Cannot fault your explanation of the reasons, and we all remember the Chinese one child laws. Only way out of it is female access to education.

There's a whole world of difference between abortion rights and unrestricted abortion on demand, surely?


----------



## KenOC (Mar 7, 2011)

They had a similar issue in China during the heyday of the one-child laws. Some parts of China had major imbalances between male and female births. So in many places, the use of ultrasound during pregnancy was outlawed.
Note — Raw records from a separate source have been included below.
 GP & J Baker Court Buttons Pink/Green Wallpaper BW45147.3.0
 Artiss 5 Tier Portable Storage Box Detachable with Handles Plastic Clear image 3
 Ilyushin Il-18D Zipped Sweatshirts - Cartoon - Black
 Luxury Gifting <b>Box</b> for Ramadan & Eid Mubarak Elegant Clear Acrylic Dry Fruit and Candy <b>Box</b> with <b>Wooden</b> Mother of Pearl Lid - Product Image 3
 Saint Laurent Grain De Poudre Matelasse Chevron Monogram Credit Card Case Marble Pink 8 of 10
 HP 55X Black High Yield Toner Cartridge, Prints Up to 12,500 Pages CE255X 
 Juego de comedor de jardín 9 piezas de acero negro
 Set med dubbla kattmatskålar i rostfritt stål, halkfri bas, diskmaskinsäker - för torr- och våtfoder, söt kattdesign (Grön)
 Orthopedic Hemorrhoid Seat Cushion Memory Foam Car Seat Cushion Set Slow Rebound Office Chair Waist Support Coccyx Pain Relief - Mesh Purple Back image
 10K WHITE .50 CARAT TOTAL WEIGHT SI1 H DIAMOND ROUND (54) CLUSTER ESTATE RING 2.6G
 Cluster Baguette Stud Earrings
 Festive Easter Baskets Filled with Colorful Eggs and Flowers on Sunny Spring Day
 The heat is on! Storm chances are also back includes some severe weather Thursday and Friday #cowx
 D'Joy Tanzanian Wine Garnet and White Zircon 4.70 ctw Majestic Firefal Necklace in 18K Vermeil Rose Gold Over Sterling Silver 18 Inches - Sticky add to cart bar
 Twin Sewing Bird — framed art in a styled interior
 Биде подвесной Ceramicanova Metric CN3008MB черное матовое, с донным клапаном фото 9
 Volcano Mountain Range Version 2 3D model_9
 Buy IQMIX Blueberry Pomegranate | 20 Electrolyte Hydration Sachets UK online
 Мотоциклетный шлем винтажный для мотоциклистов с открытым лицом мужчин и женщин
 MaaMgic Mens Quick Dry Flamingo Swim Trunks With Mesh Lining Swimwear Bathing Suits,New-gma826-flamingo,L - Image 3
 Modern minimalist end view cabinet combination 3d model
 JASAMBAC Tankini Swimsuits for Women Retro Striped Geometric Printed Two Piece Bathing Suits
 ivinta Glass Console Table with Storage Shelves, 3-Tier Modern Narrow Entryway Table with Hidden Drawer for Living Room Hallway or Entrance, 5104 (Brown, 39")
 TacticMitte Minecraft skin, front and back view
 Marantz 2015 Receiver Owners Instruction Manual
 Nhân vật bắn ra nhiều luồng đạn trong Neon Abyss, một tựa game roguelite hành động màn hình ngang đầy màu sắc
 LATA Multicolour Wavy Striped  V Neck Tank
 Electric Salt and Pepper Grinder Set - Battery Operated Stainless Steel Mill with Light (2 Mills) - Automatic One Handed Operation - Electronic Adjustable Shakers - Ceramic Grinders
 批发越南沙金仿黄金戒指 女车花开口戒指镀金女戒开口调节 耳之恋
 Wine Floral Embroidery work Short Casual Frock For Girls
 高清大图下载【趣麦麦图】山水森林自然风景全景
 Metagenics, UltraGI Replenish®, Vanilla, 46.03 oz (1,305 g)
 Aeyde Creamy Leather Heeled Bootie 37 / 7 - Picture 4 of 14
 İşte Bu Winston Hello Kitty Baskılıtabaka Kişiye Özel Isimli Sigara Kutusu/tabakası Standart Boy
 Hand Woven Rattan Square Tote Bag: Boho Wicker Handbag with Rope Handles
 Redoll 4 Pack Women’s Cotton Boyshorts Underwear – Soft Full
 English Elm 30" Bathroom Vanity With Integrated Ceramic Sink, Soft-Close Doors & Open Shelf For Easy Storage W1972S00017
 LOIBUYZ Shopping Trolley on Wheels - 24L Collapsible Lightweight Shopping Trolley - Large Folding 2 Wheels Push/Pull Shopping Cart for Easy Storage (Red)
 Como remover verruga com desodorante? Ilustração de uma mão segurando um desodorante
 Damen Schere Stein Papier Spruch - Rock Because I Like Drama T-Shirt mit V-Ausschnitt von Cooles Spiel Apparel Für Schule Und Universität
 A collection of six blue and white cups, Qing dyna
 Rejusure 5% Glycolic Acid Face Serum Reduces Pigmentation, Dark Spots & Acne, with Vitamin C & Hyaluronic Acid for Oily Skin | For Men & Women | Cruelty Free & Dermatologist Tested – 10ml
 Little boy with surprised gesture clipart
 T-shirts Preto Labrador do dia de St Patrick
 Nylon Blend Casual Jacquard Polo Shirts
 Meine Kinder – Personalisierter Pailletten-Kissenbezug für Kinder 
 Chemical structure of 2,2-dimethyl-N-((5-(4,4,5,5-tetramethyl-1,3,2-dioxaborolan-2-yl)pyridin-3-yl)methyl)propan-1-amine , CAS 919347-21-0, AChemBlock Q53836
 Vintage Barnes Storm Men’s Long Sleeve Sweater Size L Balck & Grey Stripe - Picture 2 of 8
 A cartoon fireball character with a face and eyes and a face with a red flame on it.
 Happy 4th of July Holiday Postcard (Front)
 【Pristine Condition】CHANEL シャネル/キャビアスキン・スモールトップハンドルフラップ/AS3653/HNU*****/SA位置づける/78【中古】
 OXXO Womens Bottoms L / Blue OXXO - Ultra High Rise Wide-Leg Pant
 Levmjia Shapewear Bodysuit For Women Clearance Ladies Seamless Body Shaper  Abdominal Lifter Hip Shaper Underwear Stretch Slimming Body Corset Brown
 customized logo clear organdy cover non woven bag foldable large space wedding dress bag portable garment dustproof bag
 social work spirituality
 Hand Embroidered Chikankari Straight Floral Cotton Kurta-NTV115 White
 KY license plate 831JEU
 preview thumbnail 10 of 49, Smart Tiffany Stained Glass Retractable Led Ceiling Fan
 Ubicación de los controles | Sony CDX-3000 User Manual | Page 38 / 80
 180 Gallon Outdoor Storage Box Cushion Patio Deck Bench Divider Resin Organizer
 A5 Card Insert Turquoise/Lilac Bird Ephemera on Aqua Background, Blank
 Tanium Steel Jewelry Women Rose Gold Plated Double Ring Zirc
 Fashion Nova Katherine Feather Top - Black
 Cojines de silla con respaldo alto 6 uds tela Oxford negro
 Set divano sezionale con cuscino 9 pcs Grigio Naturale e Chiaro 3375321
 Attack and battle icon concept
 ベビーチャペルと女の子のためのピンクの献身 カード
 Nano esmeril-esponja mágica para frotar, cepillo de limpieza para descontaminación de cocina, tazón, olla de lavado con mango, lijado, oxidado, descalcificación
The imbalance lingers. Here's a recent article from a Hong Kong newspaper: _Boys to vastly outnumber girls in China for years: population official_.


----------



## Phil loves classical (Feb 8, 2017)

I've heard worst stories from Hong Kong. My dad would see lots of dead babies that were thrown from bridges, and some got stuck in trees. My mom would hear some babies crying being left in garbage cans. Many also get strangled. I'm not so keen on abortion for the hell of it, but it is a lot better than those babies being killed after being delivered. The earlier the stage the better. Lesser of 2 evils, way I see it.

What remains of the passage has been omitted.